### Your instructions
Within the entries below, output exactly the lines between the line containing "Spain Open World" and the line containing "Fischparadies Riff (hochwertiger", inclusive, and omit any picture.

### Entries shown
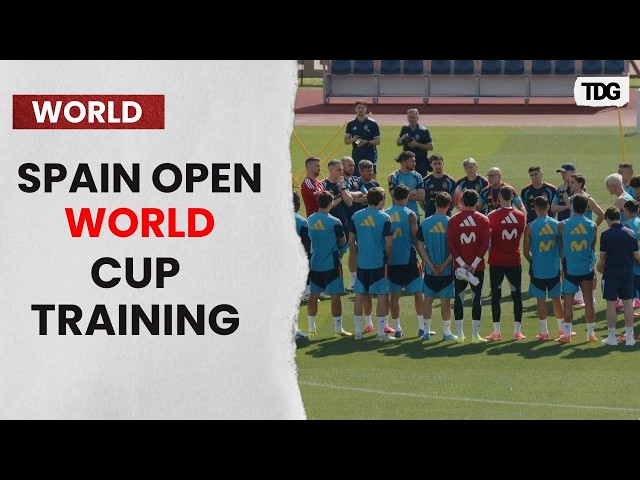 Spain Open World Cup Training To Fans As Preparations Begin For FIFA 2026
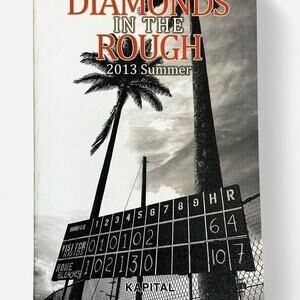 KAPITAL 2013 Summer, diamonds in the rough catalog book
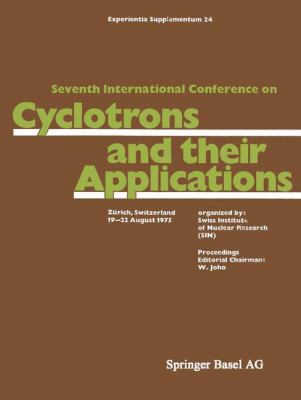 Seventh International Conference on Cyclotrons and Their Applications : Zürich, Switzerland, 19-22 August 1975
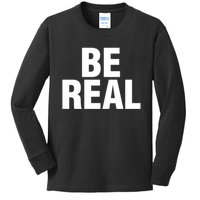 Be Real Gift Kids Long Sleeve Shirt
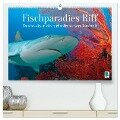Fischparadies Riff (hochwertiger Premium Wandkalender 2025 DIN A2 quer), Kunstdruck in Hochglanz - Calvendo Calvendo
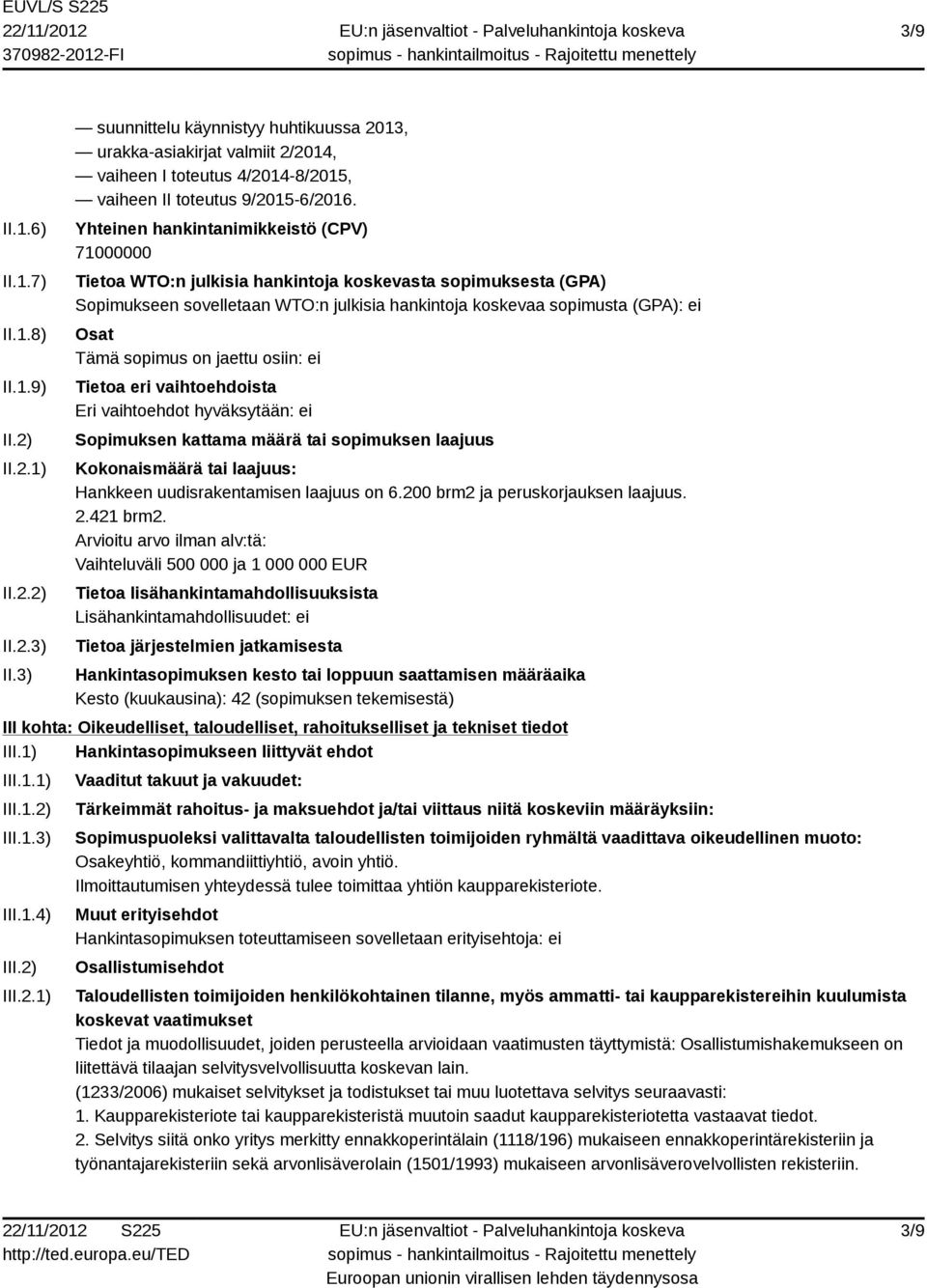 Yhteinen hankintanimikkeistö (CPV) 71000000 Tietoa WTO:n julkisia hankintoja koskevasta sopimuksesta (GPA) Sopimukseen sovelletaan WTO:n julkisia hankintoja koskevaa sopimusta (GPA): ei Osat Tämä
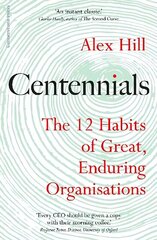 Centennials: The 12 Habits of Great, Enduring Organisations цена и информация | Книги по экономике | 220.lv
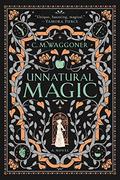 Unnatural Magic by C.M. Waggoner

==

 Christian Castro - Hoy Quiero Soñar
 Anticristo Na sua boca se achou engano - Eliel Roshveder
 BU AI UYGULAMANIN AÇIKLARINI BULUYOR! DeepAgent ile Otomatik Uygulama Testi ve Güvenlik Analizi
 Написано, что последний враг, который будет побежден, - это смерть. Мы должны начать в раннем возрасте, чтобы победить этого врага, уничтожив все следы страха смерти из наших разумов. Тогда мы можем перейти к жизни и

### Finished task
 Spain Open World Cup Training To Fans As Preparations Begin For FIFA 2026
 KAPITAL 2013 Summer, diamonds in the rough catalog book
 Seventh International Conference on Cyclotrons and Their Applications : Zürich, Switzerland, 19-22 August 1975
 Be Real Gift Kids Long Sleeve Shirt
Fischparadies Riff (hochwertiger Premium Wandkalender 2025 DIN A2 quer), Kunstdruck in Hochglanz - Calvendo Calvendo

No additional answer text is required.